(Provided entries)

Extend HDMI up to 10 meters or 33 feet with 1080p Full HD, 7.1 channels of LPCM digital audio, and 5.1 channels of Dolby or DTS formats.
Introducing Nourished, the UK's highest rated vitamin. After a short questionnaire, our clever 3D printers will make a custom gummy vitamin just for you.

(End Provided entries)
(Provided entries)

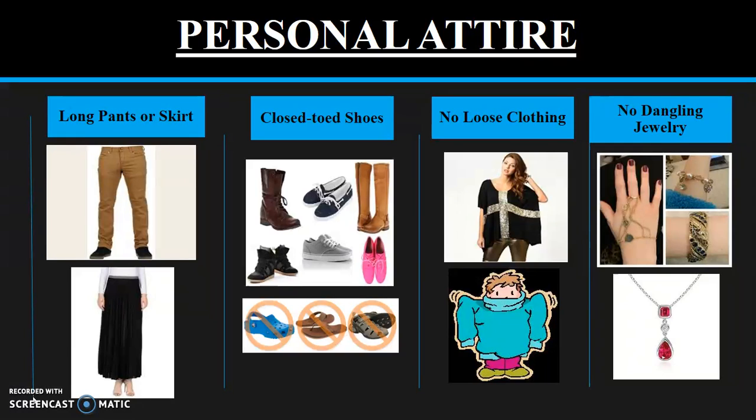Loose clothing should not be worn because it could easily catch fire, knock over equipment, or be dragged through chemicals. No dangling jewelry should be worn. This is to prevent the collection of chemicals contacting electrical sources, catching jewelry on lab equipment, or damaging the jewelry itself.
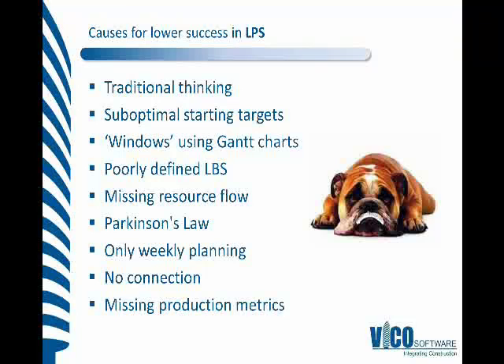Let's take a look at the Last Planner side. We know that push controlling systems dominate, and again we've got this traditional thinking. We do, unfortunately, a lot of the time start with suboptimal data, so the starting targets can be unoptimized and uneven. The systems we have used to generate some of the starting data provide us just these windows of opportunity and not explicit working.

(End Provided entries)
(Provided entries)

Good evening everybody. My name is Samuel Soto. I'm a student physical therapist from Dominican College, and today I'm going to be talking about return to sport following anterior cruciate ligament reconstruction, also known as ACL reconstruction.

(End Provided entries)

**Task brief**
Give back, unchanged, the run of lines in the listing above that begins at the line containing "Extend HDMI up" and ends at the line containing "Introducing Nourished, the", both included.

**Answer for this exercise**
Extend HDMI up to 10 meters or 33 feet with 1080p Full HD, 7.1 channels of LPCM digital audio, and 5.1 channels of Dolby or DTS formats.
Introducing Nourished, the UK's highest rated vitamin. After a short questionnaire, our clever 3D printers will make a custom gummy vitamin just for you.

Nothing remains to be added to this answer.